Friday, July 10, 2009

Teach Your Children: The Lesson of Steve McNair


It's been almost a week since the murder of former Titans QB Steve McNair, and the outpouring of grief seems to be slowly subsiding in the Nashville area, where I write this.

Words of praise for McNair's toughness as an athlete and his civic-minded devotion to his community pour over the TV and radio airwaves day and night, as well they should. So, too, do the recriminations from people who stop just short of claiming that McNair deserved what he got for his adulterous affair with Sahel Kazemi. They may quote Scripture, they may cry for his children, or they may simply condemn the rest of the populace for giving a famous athlete a pass.

Either way, anyone who would come anywhere close to inferring that something like this qualifies as "just desserts" is quite far from pious. Public disgrace, loss of his family, a financial hit from a hefty divorce settlement, maybe those things would have been somewhat deserved had his relationship been unearthed some other way.

But death?

Really?

No matter what your faith, it's quite hard to justify a belief that any other human being deserves to die.

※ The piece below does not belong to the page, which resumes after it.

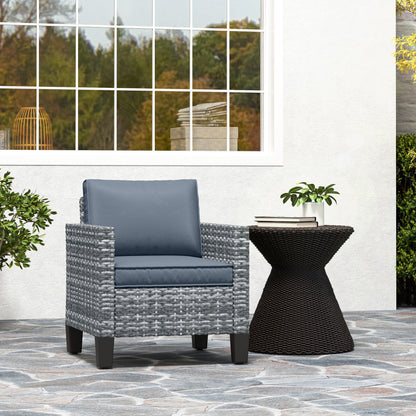 Single Rattan Chair, Garden Armchair with Cushions, Light Grey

There are those trying to use Steve McNair as a bully pulpit to pound a fundamentalist view down the throats of their fellow man. It's sad that there are people who can use a public figure's murder to further their own agenda, but such is life these days, where any publicity is good publicity.

Rather than use this to try and bludgeon strangers with Judeo-Christian propaganda, what we should be focusing on is using Steve McNair as a teaching tool for our children, especially those children old enough to recognize and appreciate what the man did on the field.

It's okay to praise McNair for his on-field skill and his community involvement. It really is. At the same time, we can use McNair's murder to explain the emotional impact of interpersonal relationships. Weaving a web as tangled as the one McNair seemed to be building can have dire consequences in the wrong circumstances.

Athletes are frequently held up as role models for their work ethic and toughness, and Steve McNair fits right near the top of those lists. Parents, however, need to also observe an athlete's personal misdeeds and treat them as ways to explain what not to do. It all falls under the category of "teaching right from wrong," doesn't it?

No matter what Charles Barkley might have said back in the day, all professional athletes are role models, both for the good and the bad. It's unfortunate, though, that Steve McNair's truest value as a role model may lie in the cautionary tale that will be told of his death.